Like clockwork, big names like Charlie “MoistCr1TiKaL” White and Félix “xQc” Lengyel began weighing in with opinions about how Anys is “out of touch” and no longer understands the plight of the common man – which is rich, because all of these people are hilariously wealthy. It’s been half a decade since the last time any of them understood the day-to-day concerns of regular people. Pretending that they do only stands to make them richer. (These days, Lengyel is so rich that he's largely stopped pretending, except when it helps him win drive-by slap fights over cookies.)

And as news kingpin Hasan Piker pointed out, they’re all friends! "Here's the thing: Charlie knows Pokimane,” he said during a recent stream. “Charlie's met Pokimane. What do you think? You think, really, she's anti-poor? Like that's what's going on? Come on, dog." It's just a remix of every other online drama cycle to date: reality TV playing out across countless channels and platforms – now with at least one literal reality TV star joining the fray, because why not make things even more on the nose? Only this time it’s about fucking cookies. 

You could make the argument, perhaps, that tempers are flaring due to the inherent tension between Anys’ status as an outrageously wealthy person and her chill gamer friend persona, or concerns around creators pushing actual scam products, like Rachell “Valkyrae” Hofstetter’s ill-advised blue light skincare line from 2021. But nobody is making that argument, at least among content creators. Instead, it’s just plainly disingenuous drama-of-the-week nonsense.

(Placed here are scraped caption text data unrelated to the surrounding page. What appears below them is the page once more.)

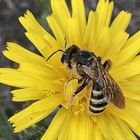 Fleißiges Bienchen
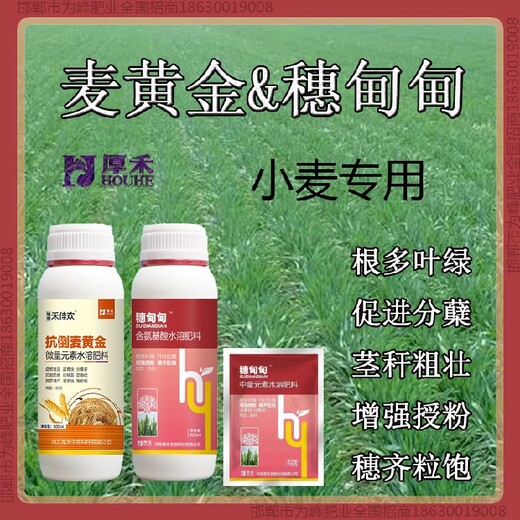 分蘗小麥增產(chǎn)劑控旺劑小麥麥黃金廠家批發(fā)招商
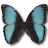Morpho pseudogamedes butterfly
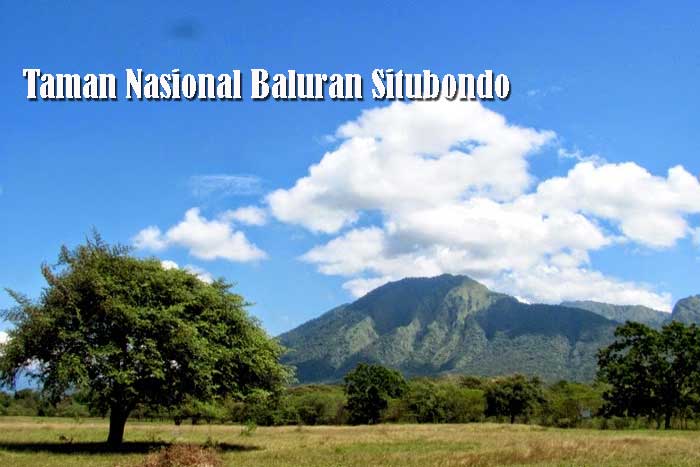 Taman Nasional Baluran Situbondo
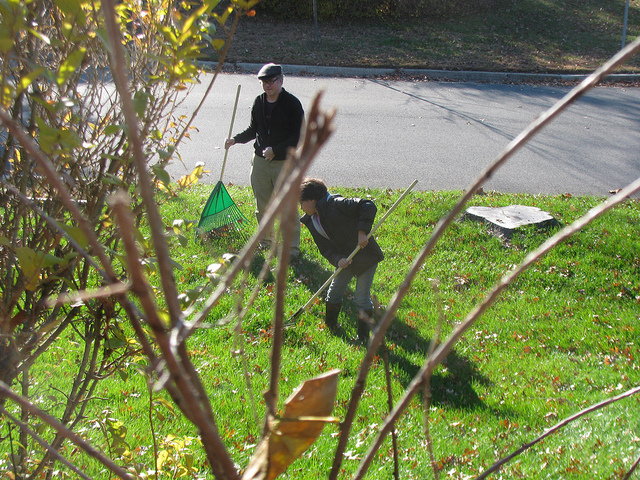 raking leaves front yard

And yet, here we are, with various creators’ fans and foes toiling away under the delusion that they’re taking part in something larger than them, arguing it out in Twitter community notes over the precise per-cent value of individual cookies. “‘30% cheaper’ is misleading,” a real human being wrote, credulously. “The original tweet shows in the 2nd image that Myna bags have 4 servings of 7 cookies for $7 per bag, where Costco [has] 14 servings of 7 cookies for $9. The Costco bags cost ($9 / 98 cookies) = $0.09 per cookie, vs Myna's 7/28 = $0.25 per cookie.”

Cookie math. To win an online argument. Nothing has ever mattered less. I weep for whichever childhood memory all of this stole from me.